There will be blood – (USA – 2h38) de Paul Thomas Anderson avec Daniel Day Lewis, Paul Dano, Dillon Freasier…
Sang tambours, ni trompettes
Le cinéma est un boulot comme les autres. Il y a un moment où, pour faire son trou, il faut savoir s’imposer auprès de ses collègues. A Hollywood, cela revient peu ou prou à se coltiner à la grande forme, la travailler au corps pour mieux se réinventer en auteur. Si quelques cinéastes échoués des années 90 ont su transformer l’exercice en véritable renaissance (Fincher, par exemple, avec Zodiac), on ne peut pas en dire autant de Paul Thomas Anderson dont le There will be blood s’avère successivement séduisant et franchement ampoulé.
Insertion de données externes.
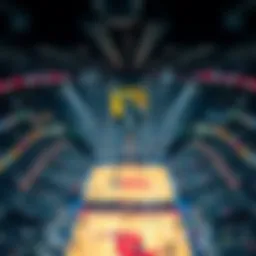 Spectacular view of a basketball court from the stands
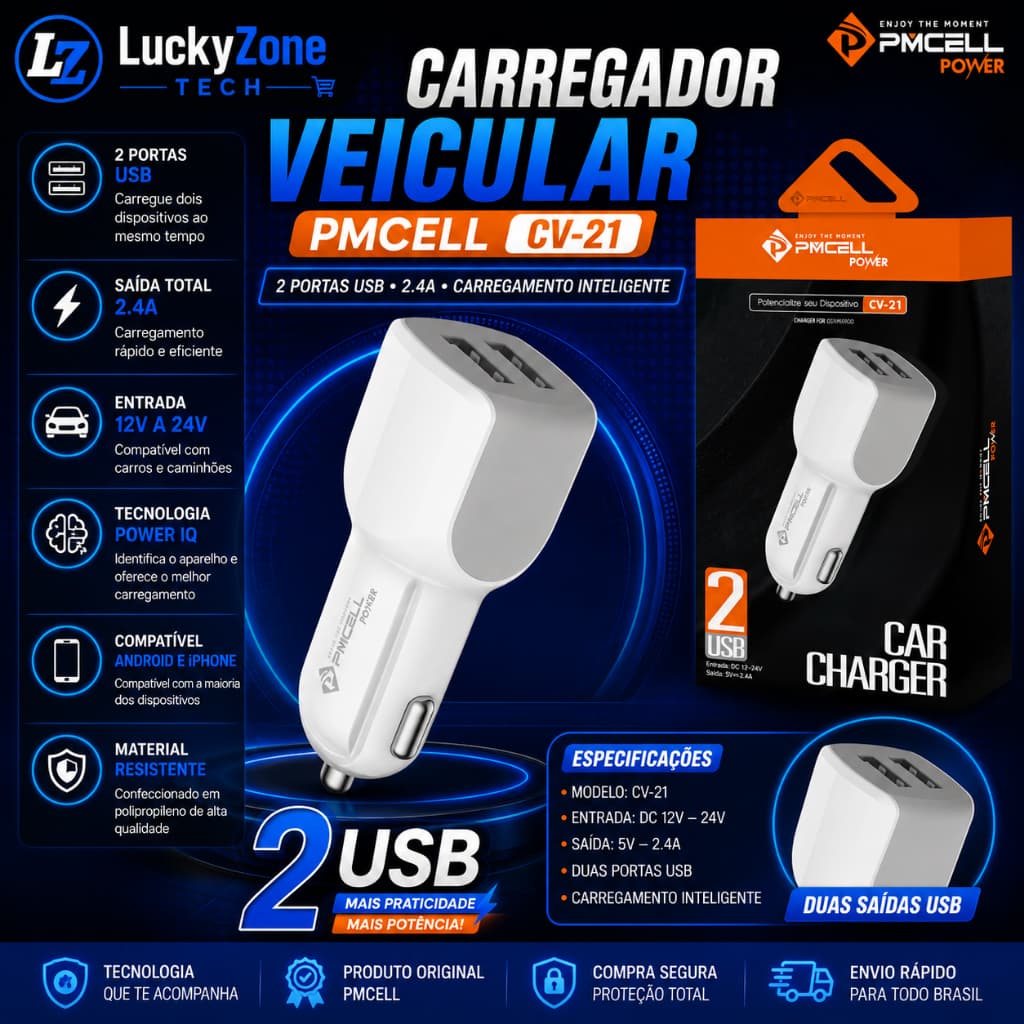 CARREGADOR VEICULAR PMCELL CV-21 | 2 PORTAS USB | 2.4A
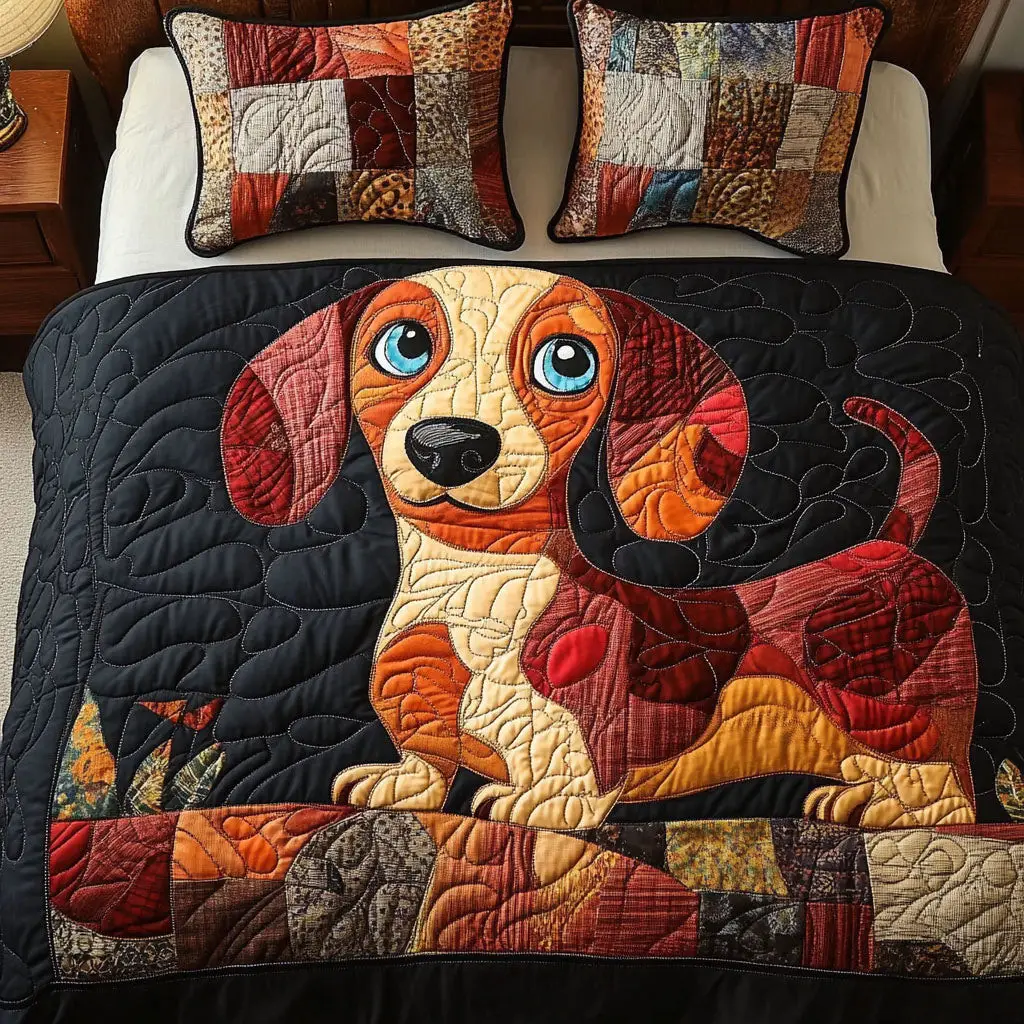 Playful Spirit Quilted Bedding Set Bed Decorations Christmas Gifts For Dachshund Lovers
Le principal problème du réalisateur a toujours résidé dans la roublardise avec laquelle il aborde le matériau filmique, mêlant l’allégorie biblique frelatée à un art consommé du morceau de bravoure, joli certes (ses travellings ras du sol), mais relativement vain. L’ouverture kubrickienne de There will be blood — merci 2001 — fait mine de balayer les reliquats de ce cinéma-là. En instaurant un silence de cathédrale et en dessinant un univers de gestes, il ouvre la voie à une possible fuite du sens et à un cinéma économe, en moyens comme en stratégies narratives. Cette promesse initiale est partiellement suivie d’effets, Anderson refusant intelligemment d’emmener sa fresque vers la pure confrontation lyrique entre le magnat capitaliste et le faux prophète. Malheureusement, chassez le naturel, il revient au galop : à trop vouloir jouer le jeu du grand chef d’œuvre post-moderne, Anderson et ses acteurs en font des caisses (mention spéciale à Daniel Day Lewis, carrément too much). Finalement, au bout de deux heures trente un peu ennuyeuse, il ne reste rien de la fresque blanche et atone espérée. Juste une réflexion, convenue et surlignée au marqueur, sur le capitalisme américain. Pour la renaissance, il faudra repasser. Quant au sang promis, il est définitivement anémié.